Lo ripete da settimane il ministro Speranza in ogni sua apparizione pubblica, cito a memoria: ce la faremo solo con il contributo di tutti, la sfida non si vince con un decreto o un divieto ma se dimostriamo di essere una comunità e ci comportiamo come tale, perché siamo un grande paese e abbiamo la forza di farlo. Anche Conte l’altra sera ha detto e in questi giorni sta dicendo le stesse cose, con il tono e le parole giuste, come racconta l’articolo di Ranieri. È riuscito, scrive, “a comunicare, a mettere in comune, un bene prezioso che pareva perduto: la fiducia”.
Ecco il grande segreto che questa emergenza rivela alla politica e agli italiani: comunicare non è inventare storie che rendano più gradevoli i fatti. Comunicare non è approfittare dei problemi per mettere in buona luce chi può risolverli, ingigantire le difficoltà per ottenere i pieni poteri, additare un nemico per ottenere consensi, no. Comunicare è “mettere in comune”. Comunicare, osiamo dirlo una buona volta, è di sinistra. Ha la stessa radice di “comunità”. Se volete, anche di “comunismo”.
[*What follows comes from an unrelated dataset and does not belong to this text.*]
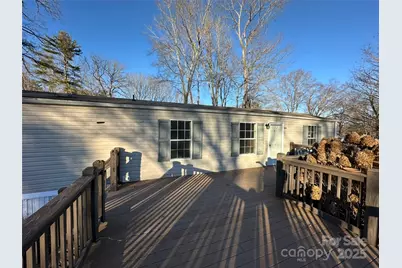 200 Rolling Oaks Drive, Hendersonville, NC 28791 - Photo 12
Non è colpa nostra. Il ventennio berlusconiano, e i berlusconismi più o meno tardivi che hanno affascinato anche il nostro campo, ci hanno convinto del contrario. Siamo cresciuti, o invecchiati, convinti che quelli “bravi a comunicare” fossero gli altri, quelli dei cieli azzurri e del sole in tasca, dei ristoranti pieni e delle “eccellenze italiane”. E che per essere bravi anche noi non ci fosse che una strada: imparare a fare come loro. Invece no, comunicare è abbracciare la realtà, diventare capaci di raccontarla e metterla in comune. Comunicare è dire (bene) la verità. Ed è proprio nei momenti in cui la verità non puoi proprio nasconderla che lo capisci, e allora riesci a parlare a un paese.
Qualcuno trova paradossale che ne sia capace un presidente del consiglio che fino a due anni fa nessuno conosceva. Però se ci pensate non è così strano: per noi cattolici esiste la “grazia di stato”. E per tutti noi che amiamo la politica e la storia esiste comunque la regola che i fatti hanno una loro forza. La classe dirigente che i partiti non sanno più formare e selezionare la selezionano inevitabilmente i fatti; la seleziona la realtà. Bisogna certo, avere un po’ di fondamentali nella testa – e più ne hai meglio è, come nel caso del nostro ministro. E poi ci vuole la volontà, l’onestà di imparare, dai fatti e dalla vita, e da quello che la vita ti mette davanti.
Conte e il governo hanno fatto anche errori, intendiamoci. La sfida è difficilissima: ne faranno sicuramente ancora. Certi suoi critici preconcetti, pungitori di spillo, uomini forti immaginari, certi fenomeni internazionali però, dopo questi giorni saranno spazzati via dalla storia, anzi lo sono già stati – anche se non lo sanno. C’è una bella differenza.